Trigger warning! My top 20 children's classics that need a rewrite

Times8 hours ago

As nursery rhymes go, Hickory Dickory Dock has been cruising for a trigger warning for some time. 'The clock struck one,' for example, is clearly gratuitous violence and the fact that the mouse is inside, running up the clock, points to dubious domestic hygiene. Now, a London theatre putting on a glove puppet performance of the classic nursery rhyme has warned parents about a new scene 'with some tension where a cat chases a mouse'. This does indeed sound terrifying, and proof that Tom and Jerry have had their day. However, it is not as triggering as many other childhood classics, so here are my top 20 in urgent need of a rewrite.
Humpty Dumpty. Trigger warnings: health and safety, inadequate risk management. Suggested edit:Humpty Dumpty sat on the floor, Humpty Dumpty did not have a fall.
Charlie and the Chocolate Factory. Trigger warnings: gluttony, sloth. Suggested edit: Augustus Gloop wins the Golden Ticket, which is a year's supply of Ozempic.
Charlotte's Web. Trigger warning: death, spiders. Suggested edit: Charlotte, a cute puppy, strikes up a friendship with a kitten and lives happily ever after.
Mr Bounce. Trigger warnings: uncontrolled bouncing. Serious health and safety concerns. Mr Bounce does not wear a helmet. He falls straight through the floor when he gets out of bed, because his anti-bounce boots are so heavy.
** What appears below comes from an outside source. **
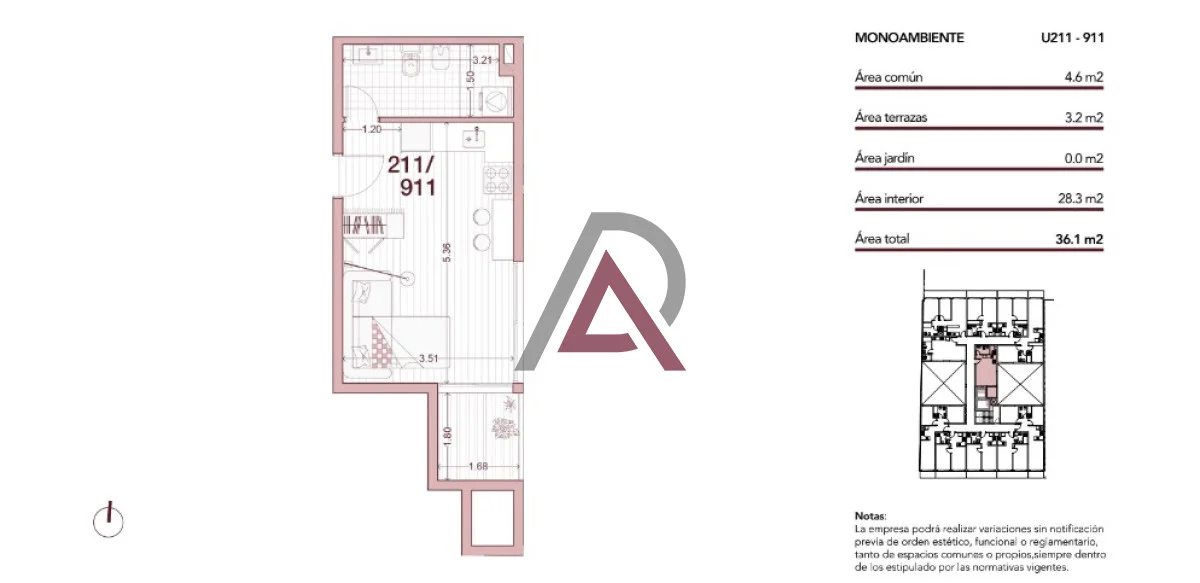 Apartamento en Cordón, propiedad 98303 -Imagen 7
Suggested edit to include the importance of not jumping out of bed without checking the floor offers adequate structural support.
Winnie-the-Pooh. Trigger warning: sugar addiction. Suggested edit: instead of eating too much 'hunny' and getting stuck in Rabbit's House, Pooh will join a Parkrun round the Hundred Acre Wood.
Where the Wild Things Are. Trigger warnings: monsters roaring their terrible roars so close to bedtime may cause nightmares. Issues with appropriate punishment and verbalising anger. Suggested edit: the monsters talk openly and calmly about the ups and downs of their day. Max encourages them to speak honestly about their mental health and offers tips for channelling roars in a more positive direction.
• 'Trigger toolkit' for museums comes with its own warning
Alice in Wonderland. Glorifies drug use. Normalises hallucination and being off your head. Suggested edit: Alice doesn't drink the bottle marked 'drink me'. The End.
Fairytales: Snow White (food poisoning), Rapunzel (false imprisonment), Dumbo (name-calling, anti-big ear sentiment). Bin them all.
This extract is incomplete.